It's easy.  A bomb wouldn't halt all momentum (unless it entirely obliterated the ship), so you can just look at where it goes after you hit it.

[Yoni]

K is wrong.

Unrelatedly: A single bomb doesn't destroy the ship.

[Ender]

Oh, okay. Maybe this works.

Solution:

Let S be the set of all boats and let ~ be a relation on S. Each boat can be represented as B = (a, b, c, d) where (a,b) is the starting point and (c,d) is the velocity vector. Let |B| = (x, y) = (a + cn, b + dn). Define B_i ~ B_j iff |B_i| = |B_j|.

Let B1 be the real boat. We know the set of all boats to be Z^4 and thus countable, so on some nth try we will hit B1. Once we hit B1, construct the ~-equivalence class for B1, we'll call it C. Every boat in C must have a different velocity vector, or else they would have originated at the same point, in which case they would be the same boat. Thus no boat in C will ever meet again. And since the equivalence class C is a subset of Z^4, it will also be countable.

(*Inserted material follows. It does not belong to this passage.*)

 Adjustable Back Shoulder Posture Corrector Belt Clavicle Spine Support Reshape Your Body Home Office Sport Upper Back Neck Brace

Thus we can "narrow in" on the equivalence class C and only target boats in C. Index every boat in C as 1, 2, 3, ... Every boat we hit in C that's not the real boat will be a miss, since no two boats in C can ever coincide again. Since C is countable, we will eventually hit the real boat on the kth try, and thus the coordinates of the real boat will be the boat in C indexed k.

[Yoni]

Very nice and well-worded attempt. Seems to be correct, although I'm not sure you've proven it correctly.
(You can show it easily using linear algebra; if a boat in subset C is hit, the parameters describing the boat satisfy 4 linear equations in 4 parameters, and this system has a single solution which is the parameters of the real boat.)

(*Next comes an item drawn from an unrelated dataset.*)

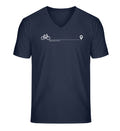 Fahrrad | Herren V-Neck Premium Organic T-Shirt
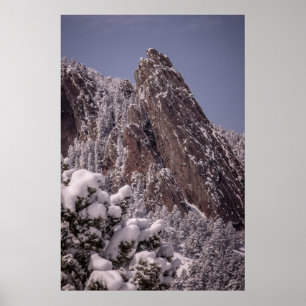 Poster Snow on The Flatirons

Anyway, I know a simpler solution (and I hope Ender's solution hints at it).
I'll post it sometime this week unless you can find it.

[Yoni]

The solution to the bonus:

Order the ships as in the non-bonus question. Once you hit a boat, try to hit it a second time.
If you succeed twice in a row, that's the exact boat and you can extract its parameters.
If you succeed and then fail, that's not the exact boat and you may keep trying the next boats.

(I'll leave the exact proof of the solution to you.)

[UserLoser]

I'd understand that if I knew what "cardinality" was